Tierney seemingly absolved from NY Times public editor's corrections crusade

Since September 2, New York Times public editor Byron E. Calame has strongly and publicly criticized Times columnist Paul Krugman for failing to adequately correct an error in his August 19 column. Calame has persisted in criticizing Krugman, claiming in a September 26 Times op-ed and in two entries on his Times Web journal that the lack of an adequate “formal correction” from Krugman shows that “the corrections policy of Gail Collins, editor of the Times' editorial page, is not being fully enforced.” But, despite his professed intention to maintain accuracy on the Times' op-ed page, Calame has yet to criticize Times columnist John Tierney, whose twice-a-week columns have included several factual inaccuracies.

In his August 19 column, Krugman wrote of the 2000 presidential election: “Two different news media consortiums reviewed Florida's ballots; both found that a full manual recount would have given the election to Mr. Gore.” One week later, Krugman issued a correction to this statement at the bottom of his August 26 column, in which Krugman acknowledged that Calame “rightly” noted that he had “initially misstate[ed] the results of the 2000 Florida election study by a media consortium led by The Miami Herald.”

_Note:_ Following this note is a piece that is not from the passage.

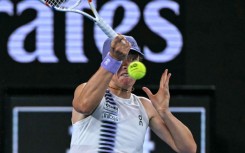 Poland's Iga Swiatek hits a shot against Russia's Anna Kalinskaya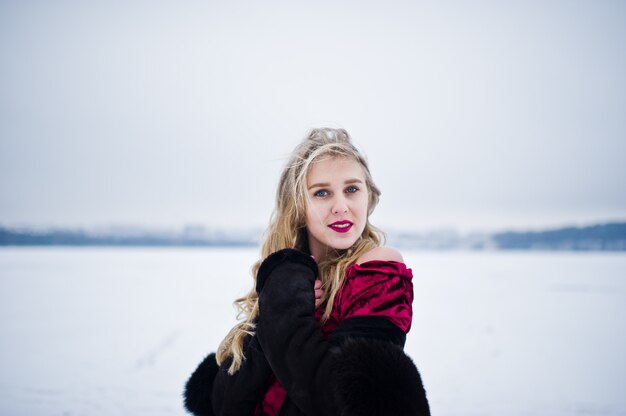 Fille blonde élégance en manteau de fourrure et robe de soirée rouge posant au jour de neige en hiver.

In a September 2 entry on his Web journal, Calame continued to press Krugman, claiming that the August 26 correction was inadequate because it “erred in describing the findings of the other news media consortium” that studied voting in Florida, a consortium “in which The Times was a participant.” In his correction, Krugman said that the Times consortium analysis “showed Al Gore winning all statewide manual recounts,” while Calame said that it determined Gore would have won in only five of the six recount scenarios. In fact, the study determined Gore would have prevailed in six of the seven statewide recount scenarios [Associated Press, 11/11/01]. Calame urged Krugman and Collins to issue a second formal correction in order to trigger a process that, unlike Krugman's August 26 correction, “appends it to the electronic versions of the article in NYTimes.com and in electronic databases.” Calame followed up with a September 16 post, in which he alleged that Krugman was not being held to the Times editorial page's corrections standard. “As a result, readers of nytimes.com who simply search for 'Krugman' won't find any indication that there are uncorrected errors in the columns the query turns up,” Calame wrote.

Lastly, in his September 26 column, Calame wrote:

Meanwhile, in the opinion section of The Times, the corrections policy of Gail Collins, the editor of the editorial page, is not being fully enforced. As I have written on my Web journal, Paul Krugman has not been required to correct, in the paper, recent acknowledged factual errors in his column about the 2000 election in Florida.

The Times has long been a trailblazer in its commitment to correcting errors. This is no time to let those standards slip -- even when well-known critics and columnists are involved.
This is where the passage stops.